• [WORK REQUIRED] Starting with the first line below, extract each line through the one that contains "Westinghouse Sylvestre 1-Light", inclusive, excluding pictures.

[Source data]

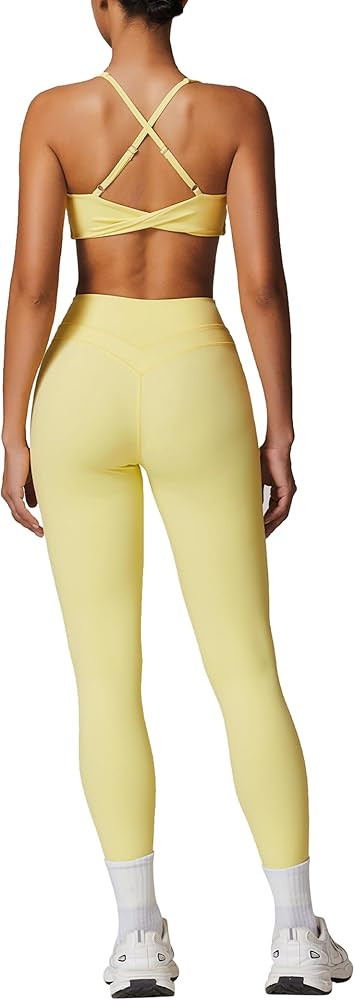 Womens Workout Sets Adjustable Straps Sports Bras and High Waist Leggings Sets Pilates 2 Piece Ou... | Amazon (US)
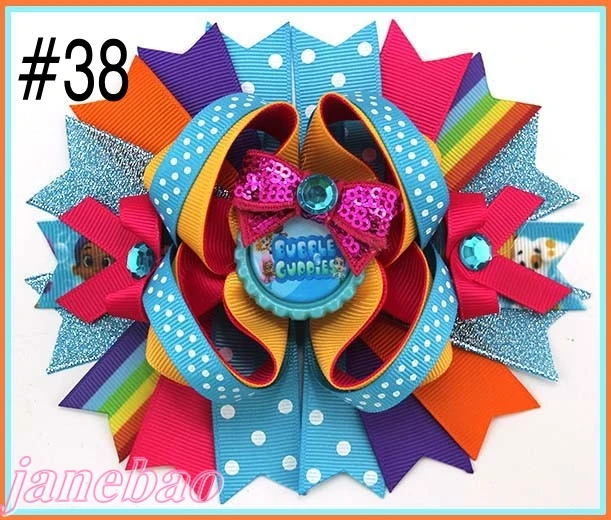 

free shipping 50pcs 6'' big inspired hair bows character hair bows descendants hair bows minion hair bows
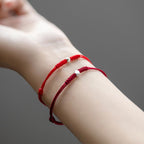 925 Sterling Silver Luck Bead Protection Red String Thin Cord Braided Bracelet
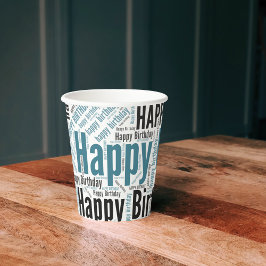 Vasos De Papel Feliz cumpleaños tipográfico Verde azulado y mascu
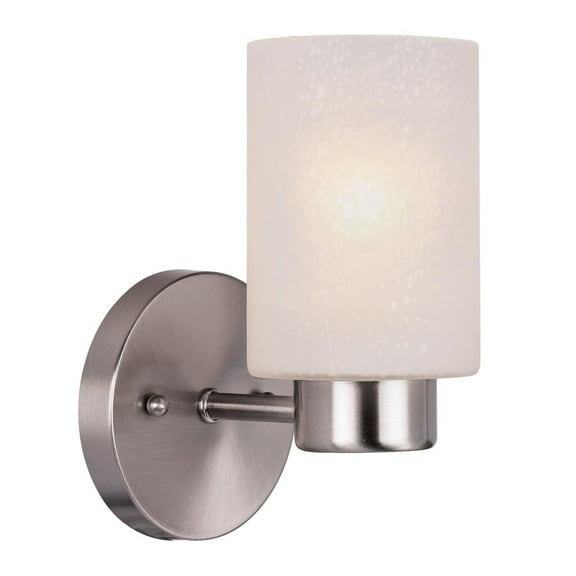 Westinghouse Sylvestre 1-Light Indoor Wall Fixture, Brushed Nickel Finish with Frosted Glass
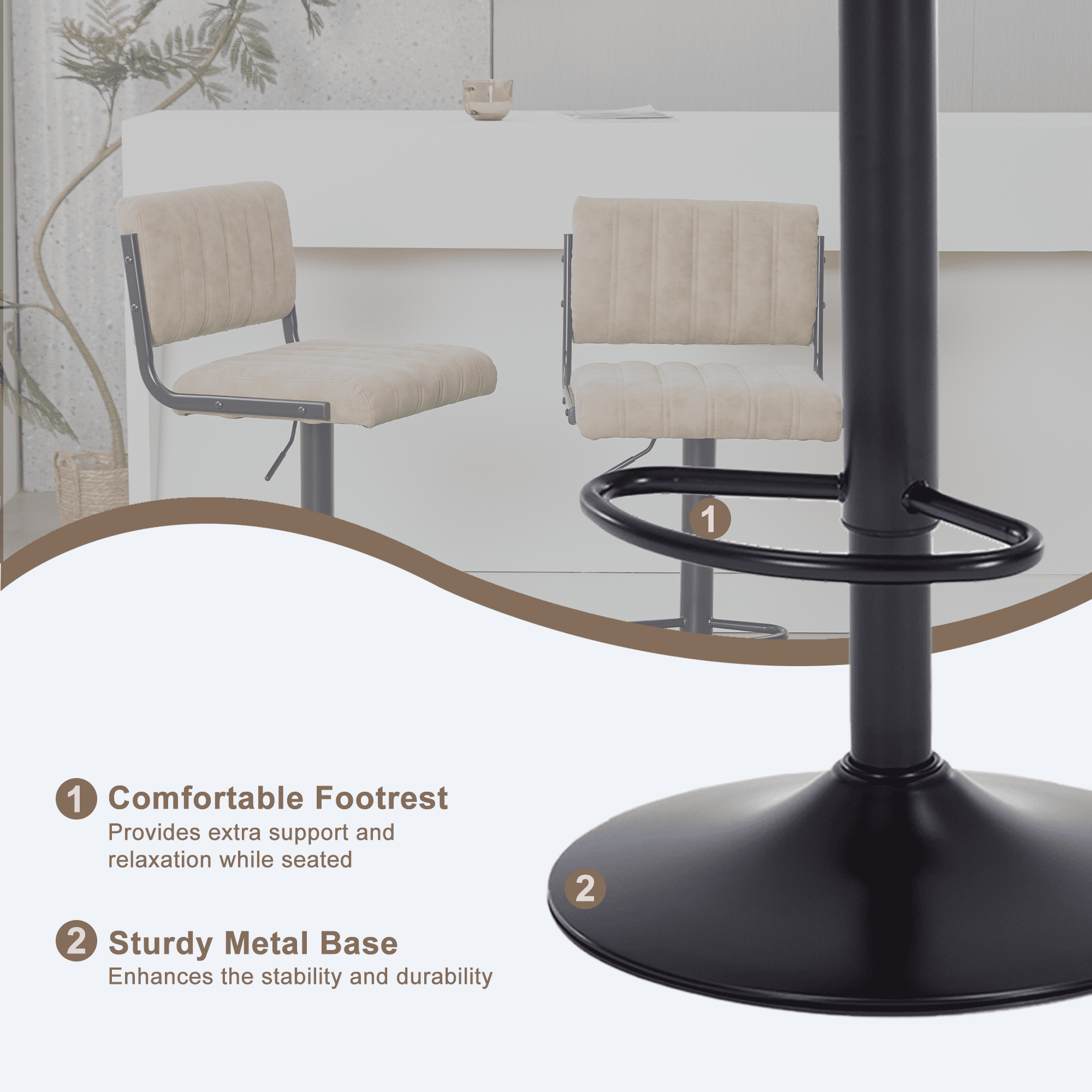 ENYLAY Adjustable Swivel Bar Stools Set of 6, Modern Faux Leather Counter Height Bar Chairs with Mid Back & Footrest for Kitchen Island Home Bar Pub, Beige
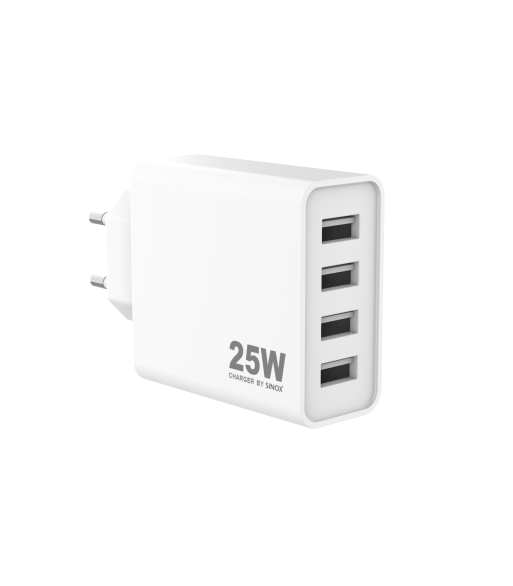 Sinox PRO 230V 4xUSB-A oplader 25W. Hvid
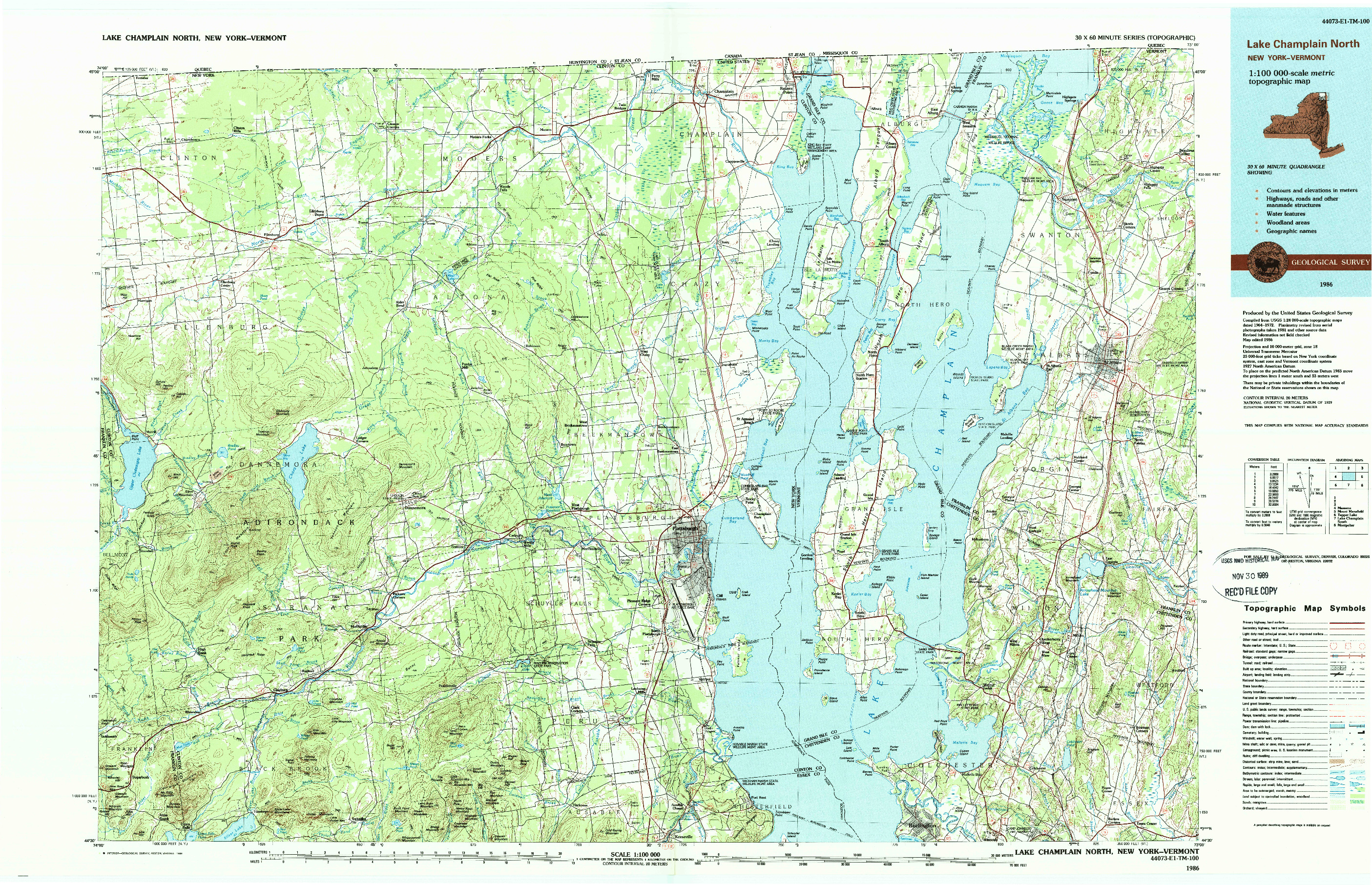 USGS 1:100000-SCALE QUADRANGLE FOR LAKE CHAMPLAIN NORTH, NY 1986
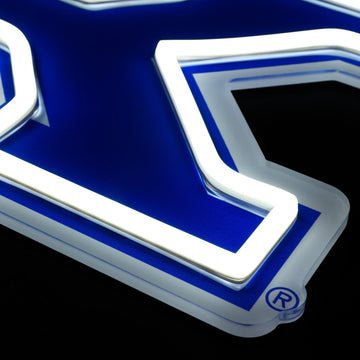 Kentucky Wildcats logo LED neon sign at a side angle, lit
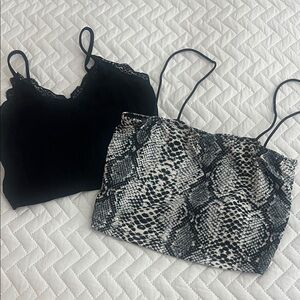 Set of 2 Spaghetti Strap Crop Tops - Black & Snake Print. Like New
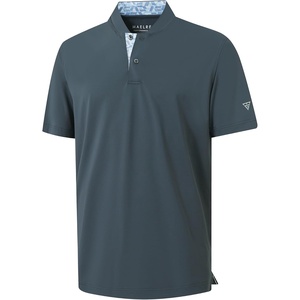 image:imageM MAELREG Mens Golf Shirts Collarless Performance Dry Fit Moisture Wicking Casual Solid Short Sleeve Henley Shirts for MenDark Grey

• [EXERCISE ANSWER]
 Womens Workout Sets Adjustable Straps Sports Bras and High Waist Leggings Sets Pilates 2 Piece Ou... | Amazon (US)

free shipping 50pcs 6'' big inspired hair bows character hair bows descendants hair bows minion hair bows
 925 Sterling Silver Luck Bead Protection Red String Thin Cord Braided Bracelet
 Vasos De Papel Feliz cumpleaños tipográfico Verde azulado y mascu
 Westinghouse Sylvestre 1-Light Indoor Wall Fixture, Brushed Nickel Finish with Frosted Glass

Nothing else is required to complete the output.